Book Launch and Discussion / “Attention Is Discovery: The Life and Legacy of Astronomer Henrietta Leavitt,” with Anna Von Mertens and Rebecca Dinerstein Knight

Date: 11 December 2024, 7–9 pm
Location: Cabinet, 300 Nevins Street, Brooklyn (map and directions here)
FREE. No RSVP necessary

Please join us to celebrate the recent publication of Attention Is Discovery: The Life and Legacy of Astronomer Henrietta Leavitt (MIT Press, 2024) by visual artist and author Anna Von Mertens. This multifaceted project is a recognition and celebration of the woman whose discovery founded modern cosmology and of the power of attention in scientific observation, artistic creation, and the making of meaning. Von Mertens will present a richly illustrated talk that includes details of her artworks made in response to Leavitt’s legacy; examples of the glass plate photographs of the night sky that Leavitt studied; and historic photos of the unique community of women, now known as the Harvard Computers, who worked at the Harvard College Observatory at the turn of the twntieth century. This will be followed by a discussion with novelist Rebecca Dinerstein Knight, who contributed a guest essay to the project.

About the Participants
Visual artist and author Anna Von Mertens lives in Peterborough, New Hampshire. She received a 2022 Alfred P. Sloan Foundation Public Understanding of Science and Technology book grant in support of Attention Is Discovery: The Life and Legacy of Astronomer Henrietta Leavitt (MIT Press, 2024). The book is an expansion of her 2018–2019 exhibition “Measure,” presented at the Harvard Radcliffe Institute, which traveled to University Galleries of Illinois State University and Allen Memorial Art Museum at Oberlin College in 2023.

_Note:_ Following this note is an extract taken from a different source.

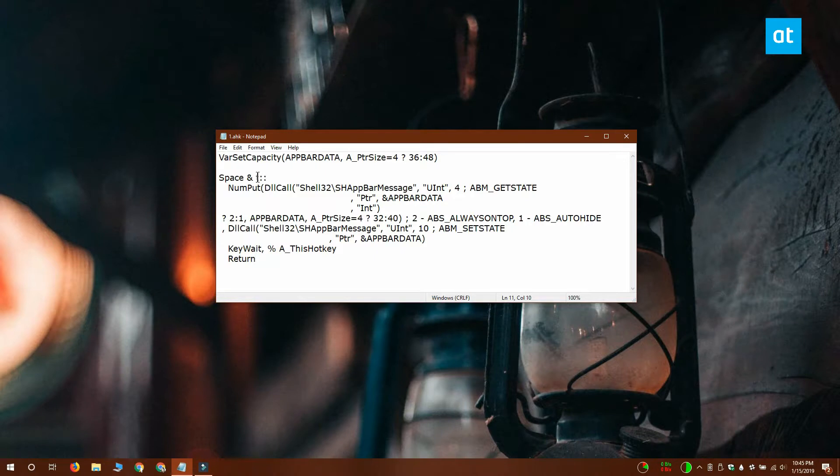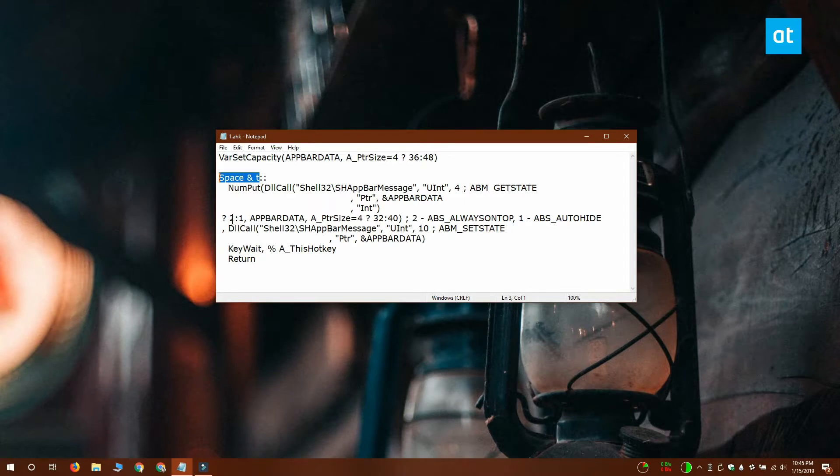So this script lets you toggle the taskbar with the spacebar plus T keyboard shortcut. You can change the shortcut if you want and this is the line that you're going to have to edit to change it.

New Hampshire–based writer Rebecca Dinerstein Knight is the author of the novels Hex (Viking, 2020) and The Sunlit Night (Bloomsbury, 2015), the bilingual English-Norwegian collection of poems Lofoten (Aschehoug, 2012), and the forthcoming nonfiction project Notes to New Mothers (W. W. Norton). Her screenplay adaptation of The Sunlit Night premiered at the Sundance Film Festival and is now a major motion picture.